*** Opening of AVAILABLE DATA ***
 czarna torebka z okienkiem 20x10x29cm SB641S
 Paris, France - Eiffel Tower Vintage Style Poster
*** Close of AVAILABLE DATA ***
*** Opening of AVAILABLE DATA ***
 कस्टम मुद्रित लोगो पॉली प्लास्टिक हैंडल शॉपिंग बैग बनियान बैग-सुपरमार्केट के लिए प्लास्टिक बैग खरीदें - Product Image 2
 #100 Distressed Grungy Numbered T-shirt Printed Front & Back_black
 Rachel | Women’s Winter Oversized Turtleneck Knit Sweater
*** Close of AVAILABLE DATA ***
*** Opening of AVAILABLE DATA ***
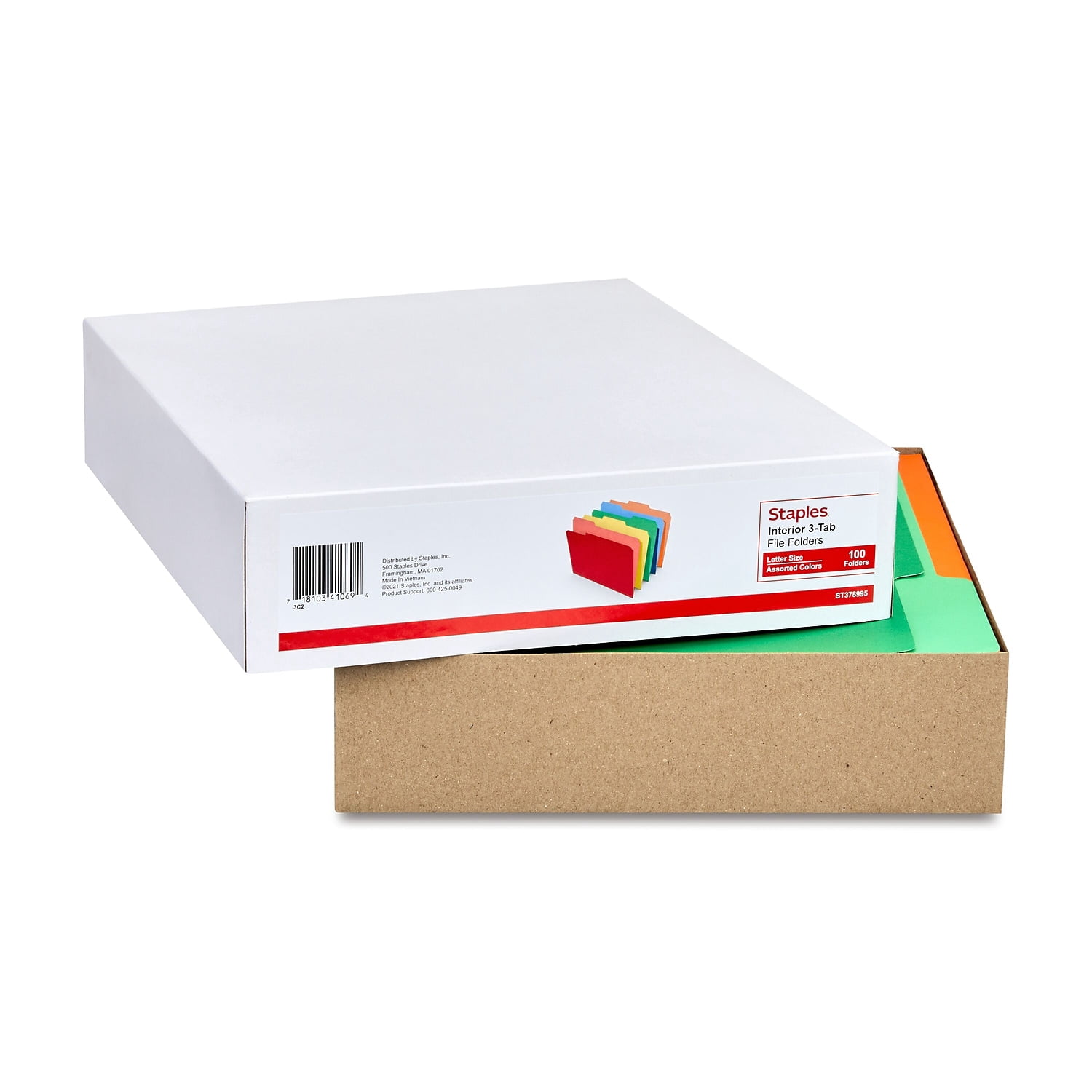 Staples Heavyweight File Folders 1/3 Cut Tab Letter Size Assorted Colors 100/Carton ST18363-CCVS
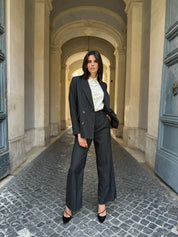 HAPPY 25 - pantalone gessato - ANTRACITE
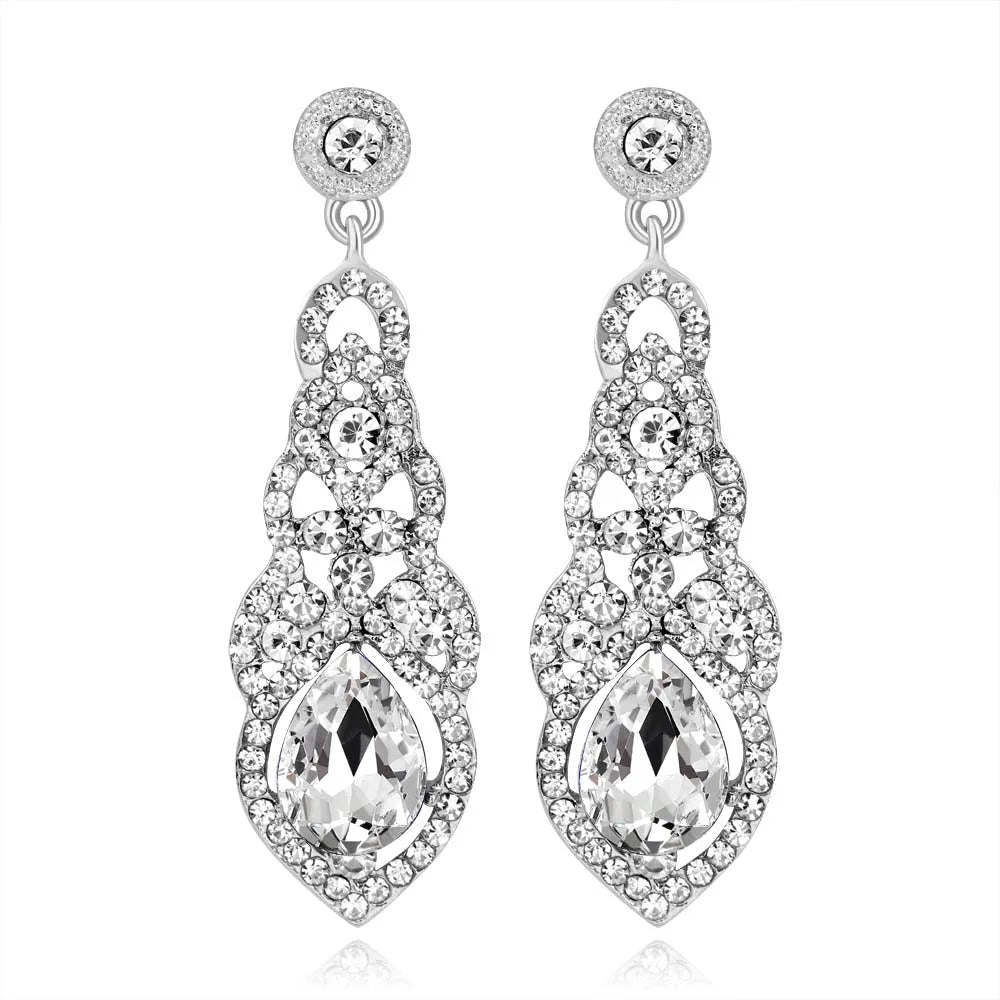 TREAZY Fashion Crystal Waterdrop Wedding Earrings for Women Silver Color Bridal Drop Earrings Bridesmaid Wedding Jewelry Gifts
*** Close of AVAILABLE DATA ***
§ HOW TO COMPLETE THIS TASK:
Among the records above, only the lines between the line holding "कस्टम मुद्रित लोगो" and the line holding "Rachel | Women’s", inclusive, are to be output, exactly as written.

§ COMPLETED EXERCISE:
 कस्टम मुद्रित लोगो पॉली प्लास्टिक हैंडल शॉपिंग बैग बनियान बैग-सुपरमार्केट के लिए प्लास्टिक बैग खरीदें - Product Image 2
 #100 Distressed Grungy Numbered T-shirt Printed Front & Back_black
 Rachel | Women’s Winter Oversized Turtleneck Knit Sweater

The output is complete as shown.